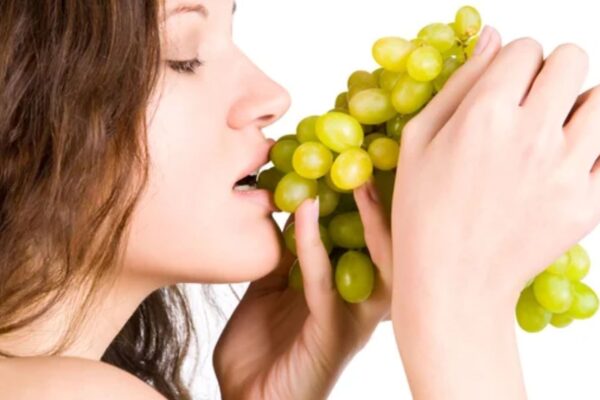El ritual más popular para recibir el Año Nuevo consiste en comer 12 uvas justo a la medianoche, una por cada campanada del reloj. 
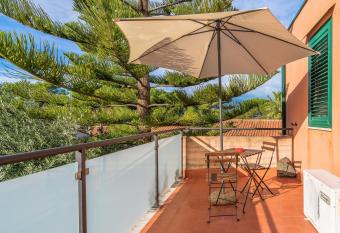Les Calanques Audeandeb has Balcony rooms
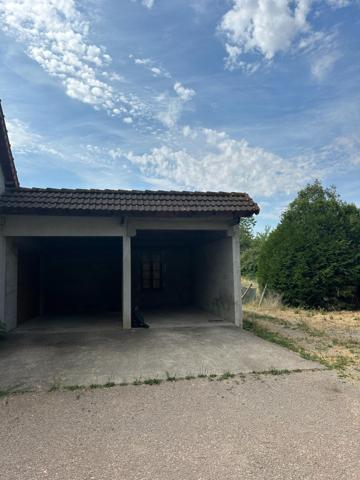 Immeuble de rapport avec 4 appartements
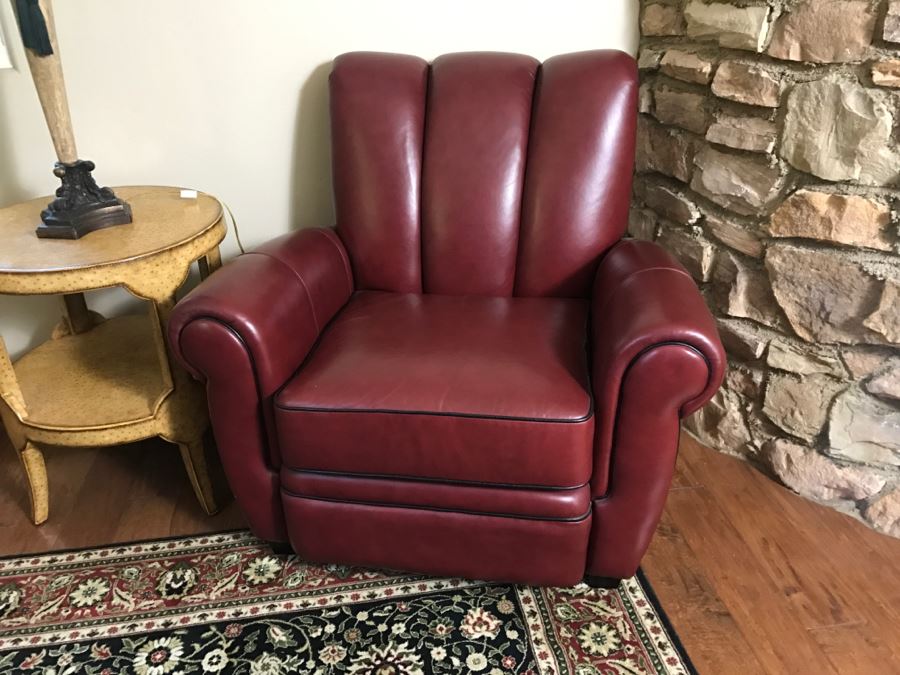 Reclining Armchair [Photo 1]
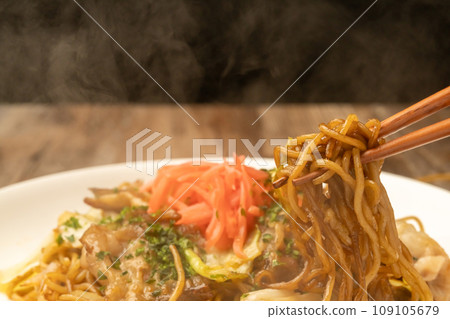 用筷子炒麵 用筷子炒麵 109105679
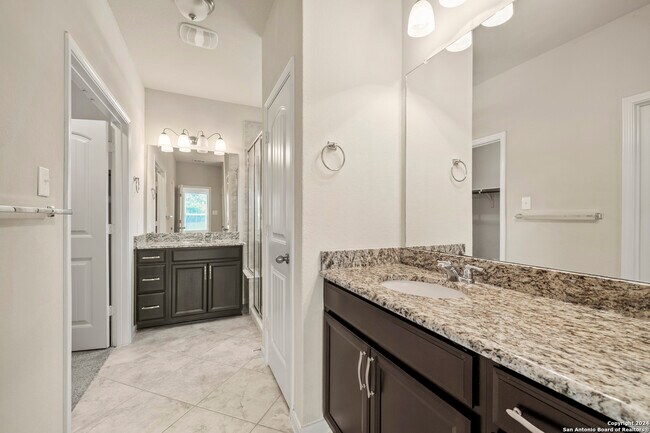 Building Photo - 307 Limestone Creek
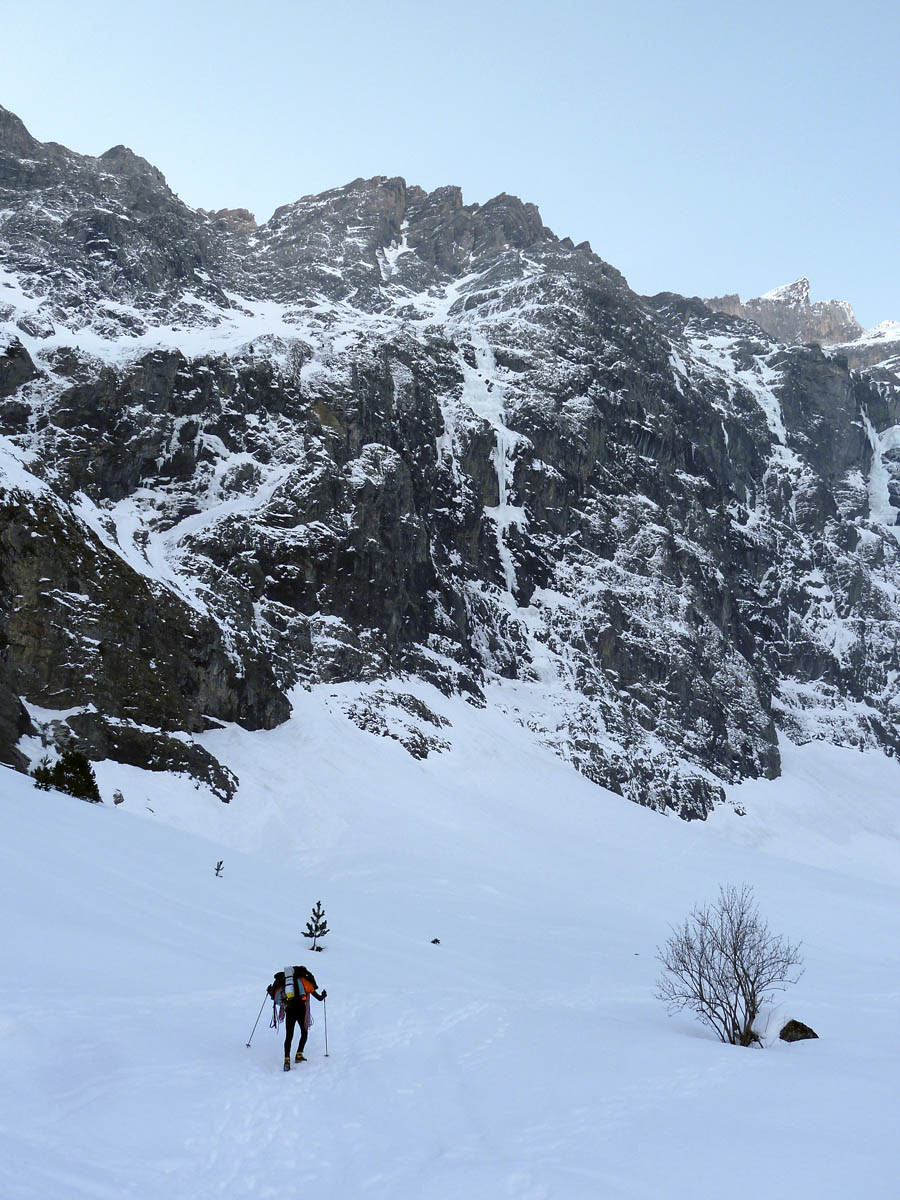 Bivouaquer, c'est bien .... mais faut porter. Le prof à l'approche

——

▶ Your instructions: With the pictures left out, please output each line from the one containing "Building Photo - 307 Limestone Creek" through the end of the entries, exactly as it is.

▶ Completed task:
 Building Photo - 307 Limestone Creek
 Bivouaquer, c'est bien .... mais faut porter. Le prof à l'approche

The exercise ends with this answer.